§ WHAT TO PRODUCE
Write out the lines of the records from the one containing "Cute Oranje corgi" to the very last, keeping each exactly as it is.

§ EXCERPTED DATA
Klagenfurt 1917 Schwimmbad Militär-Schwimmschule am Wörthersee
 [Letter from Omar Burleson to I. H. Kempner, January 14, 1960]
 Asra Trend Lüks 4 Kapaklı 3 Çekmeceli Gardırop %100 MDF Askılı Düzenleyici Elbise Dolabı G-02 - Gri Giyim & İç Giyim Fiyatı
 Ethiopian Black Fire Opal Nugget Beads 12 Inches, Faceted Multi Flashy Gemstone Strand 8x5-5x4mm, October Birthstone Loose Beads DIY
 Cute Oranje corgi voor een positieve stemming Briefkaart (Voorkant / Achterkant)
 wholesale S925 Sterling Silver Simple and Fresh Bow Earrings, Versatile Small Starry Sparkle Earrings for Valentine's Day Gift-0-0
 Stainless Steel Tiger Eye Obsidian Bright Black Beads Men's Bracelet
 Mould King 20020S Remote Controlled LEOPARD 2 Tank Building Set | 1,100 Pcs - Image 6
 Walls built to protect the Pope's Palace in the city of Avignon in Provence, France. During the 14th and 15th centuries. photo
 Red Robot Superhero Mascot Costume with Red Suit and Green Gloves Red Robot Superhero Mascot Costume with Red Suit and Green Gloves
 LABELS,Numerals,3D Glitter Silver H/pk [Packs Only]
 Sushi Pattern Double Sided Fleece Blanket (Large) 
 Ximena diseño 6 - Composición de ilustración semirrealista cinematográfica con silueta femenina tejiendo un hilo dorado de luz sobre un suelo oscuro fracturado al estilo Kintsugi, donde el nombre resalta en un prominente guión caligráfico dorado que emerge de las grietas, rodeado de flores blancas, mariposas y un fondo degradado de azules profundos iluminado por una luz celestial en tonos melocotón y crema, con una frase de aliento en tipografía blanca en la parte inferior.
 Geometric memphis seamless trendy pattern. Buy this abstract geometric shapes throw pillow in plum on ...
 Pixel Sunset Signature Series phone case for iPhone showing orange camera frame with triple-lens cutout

§ RESULT
 Cute Oranje corgi voor een positieve stemming Briefkaart (Voorkant / Achterkant)
 wholesale S925 Sterling Silver Simple and Fresh Bow Earrings, Versatile Small Starry Sparkle Earrings for Valentine's Day Gift-0-0
 Stainless Steel Tiger Eye Obsidian Bright Black Beads Men's Bracelet
 Mould King 20020S Remote Controlled LEOPARD 2 Tank Building Set | 1,100 Pcs - Image 6
 Walls built to protect the Pope's Palace in the city of Avignon in Provence, France. During the 14th and 15th centuries. photo
 Red Robot Superhero Mascot Costume with Red Suit and Green Gloves Red Robot Superhero Mascot Costume with Red Suit and Green Gloves
 LABELS,Numerals,3D Glitter Silver H/pk [Packs Only]
 Sushi Pattern Double Sided Fleece Blanket (Large) 
 Ximena diseño 6 - Composición de ilustración semirrealista cinematográfica con silueta femenina tejiendo un hilo dorado de luz sobre un suelo oscuro fracturado al estilo Kintsugi, donde el nombre resalta en un prominente guión caligráfico dorado que emerge de las grietas, rodeado de flores blancas, mariposas y un fondo degradado de azules profundos iluminado por una luz celestial en tonos melocotón y crema, con una frase de aliento en tipografía blanca en la parte inferior.
 Geometric memphis seamless trendy pattern. Buy this abstract geometric shapes throw pillow in plum on ...
 Pixel Sunset Signature Series phone case for iPhone showing orange camera frame with triple-lens cutout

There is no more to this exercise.